An investor, Sally, recently heard two pitches. The first was from A-Dot-Co, which will produce polka-dot jellybeans using a new patented process. The second was from BetterBean, will produce purple jellybeans using a trade secret method which improves existing manufacturing processes.
Having spent several years owning a candy company, Sally was interested in both opportunities.
Sally knows that the jellybean market is large and well established. With a few regional exceptions, she knows the annual market growth has been 3% for many years.
Accordingly, she was a bit surprised to see strong growth projections in the presentations from both A-Dot-Co and BetterBean. More diligence would be required.
Sally asked both companies to submit detailed materials in support of the projections they presented. She was particularly focused on the factors responsible for revenue growth. Since the market is large and established, Sally knew that growth for a new entrant must come from either expansion of the overall market or from switching behavior (customers switching from established providers to new providers).

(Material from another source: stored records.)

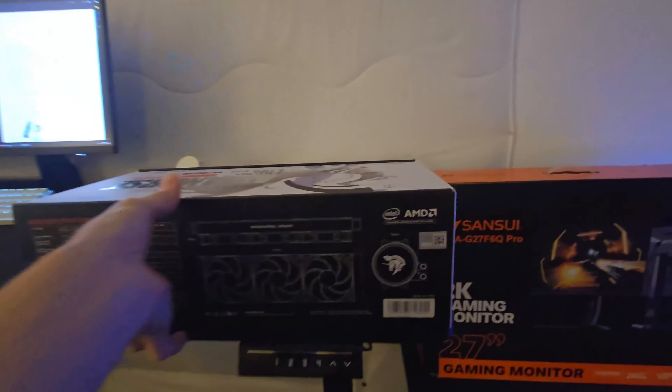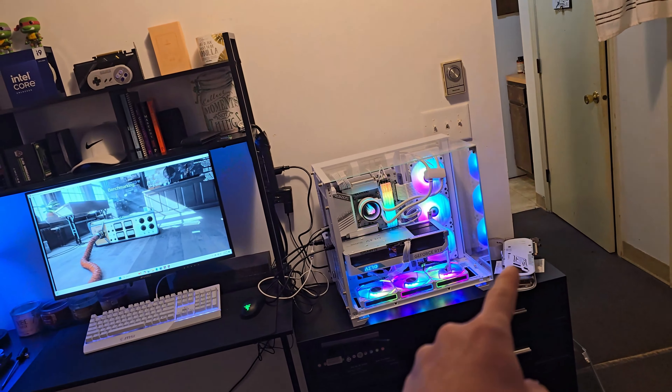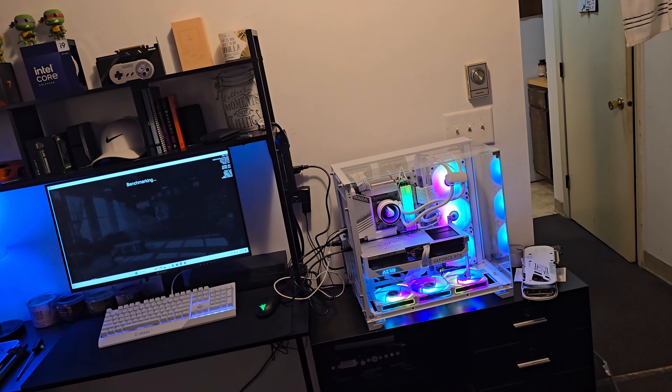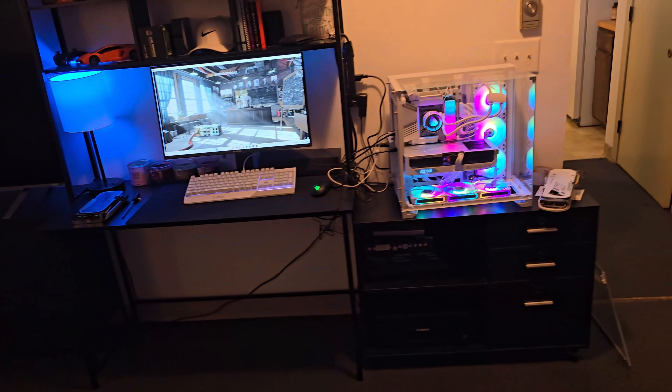I am by no means saying that this thing is bad. The AIO itself works great. The only complaint I have — and I've run into this problem with other budget AIOs — is that when you're mounting it to your CPU, it's going to be hard to spread everything evenly. There's no way to evenly mount the pump down on the CPU. You literally just take the pump, place it on the CPU, and then screw it around the four bolts, at least for Intel.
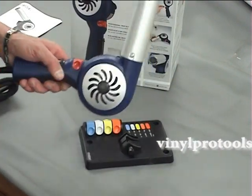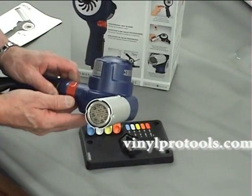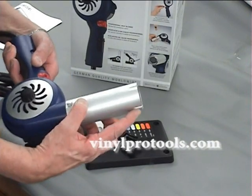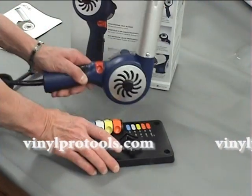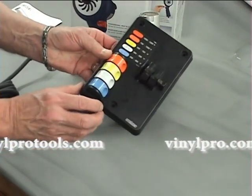The Steinau HB1750 heat blower performs a variety of tasks such as drying, shrinking, removing varnish, etc. As you can see here, it has a very easy to replace heat element. All you do is take out those couple of screws.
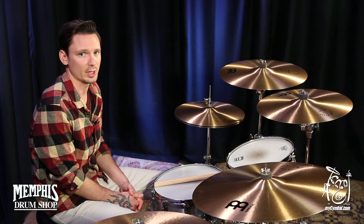So if you're looking for a great overall ride cymbal, I highly recommend this one. And this exact cymbal is only available at mysymbal.com.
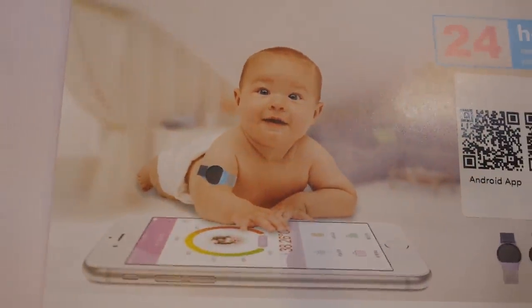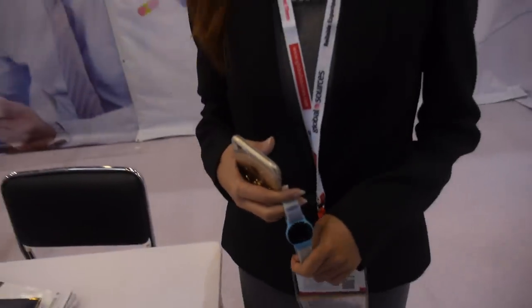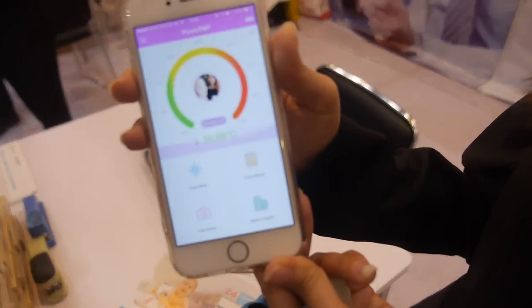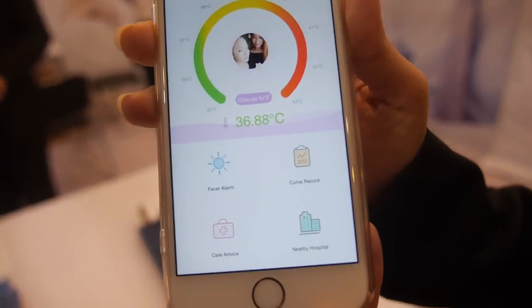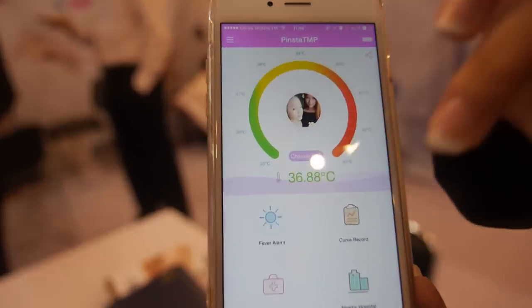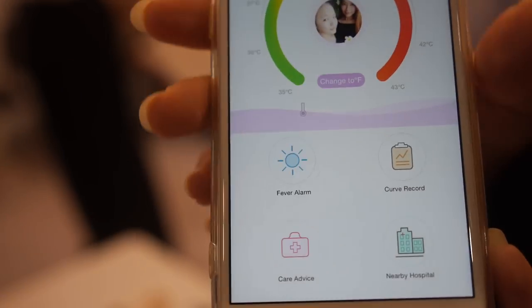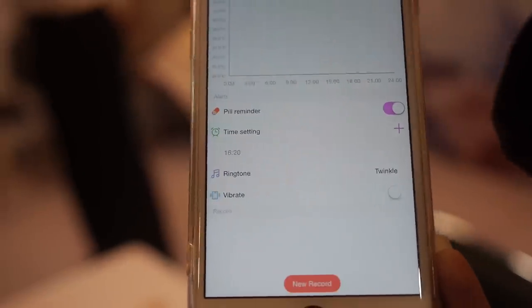It measures and checks the baby's temperature. Can we see the app? Yes, the app is like this and you can see the functions. You can make the baby's temperature reading go higher, and it keeps a record inside.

She was hopeful that the detailed support material for each revenue projection, would reflect management’s understanding of these market dynamics.
Sally received the following support detail from A-Dot-Co:
She knew from prior experience that the total candy market was very large and she was glad to see the jelly bean sub-market in excess of $2 billion. There would be plenty of upside for A-Dot-Co. She was also glad to see that in year 5, the founder did not expect to exceed 1.0% of the market. Any larger share percentage would require major resources and additional funding rounds.
However, before investing, Sally still needed more information on the detail behind the market share projections. She scheduled a follow-up call.
On the call, A-Dot-Co was very enthusiastic. It went like this:
Sally: “Thank you for your revenue detail. I have some follow up questions. How do you expect to land nearly $2 million in revenue in the first 2 years?”
Founder: “A-Dot-Co is well positioned to achieve our revenue goals. We have a seasoned team who formed many candy company startups in the past.”
Sally: “That’s great. But how do you intend to land $600K of sales in year 1?”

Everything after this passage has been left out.